Ora ci si interroga su come sia stato possibile introdurre un coltello. ''I coltelli non sono permessi all'interno dell'istituto. Nemmeno nei corsi di cucina i ragazzi possono usare quelli affilati'', ha riferito ai giornali una ex insegnante della scuola.
Attacchi così gravi contro gli insegnanti non sono comuni nel Regno Unito e in molti hanno ricordato l’uccisione di un preside, Philip Lawrence, accoltellato nel 1995 davanti a una scuola di Londra dopo che era uscito per aiutare uno studente aggredito per strada.

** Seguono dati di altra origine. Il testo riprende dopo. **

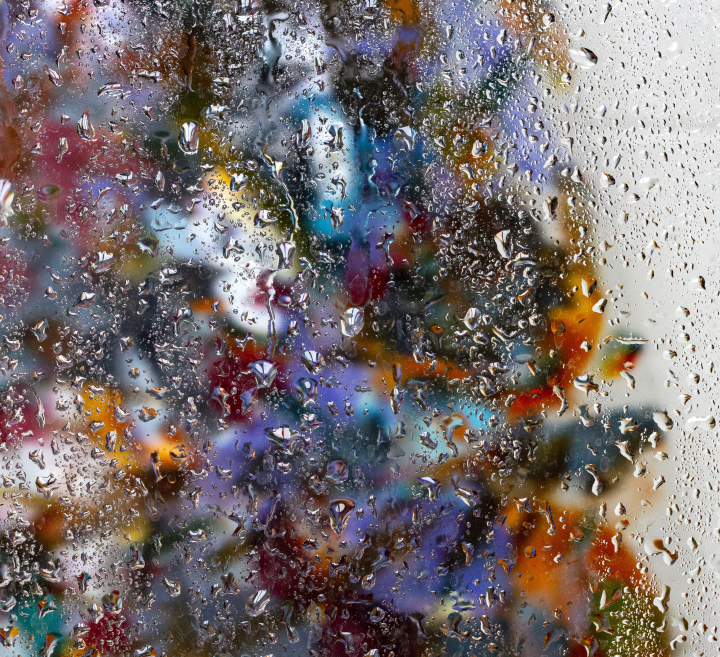 Water drops on a colorful glass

Secondo i dati del dipartimento dell’Istruzione britannico, tuttavia, il numero di aggressioni sta aumentando: nell’anno scolastico 2010-2011 sono stati 40 gli studenti espulsi ogni giorno per aver attaccato membri del personale.
La polizia del West Yorkshire si è affrettata a dire che si è trattato di un ''episodio isolato'' per non innescare il panico fra le famiglie. Su Twitter tanti i messaggi di cordoglio per la signora Maguire da colleghi e studenti . Era ''una grande professoressa'', era ''straordinaria'', ''una amica''. Fin dal pomeriggio di fronte ai cancelli della scuola molti hanno portato mazzi di fiori.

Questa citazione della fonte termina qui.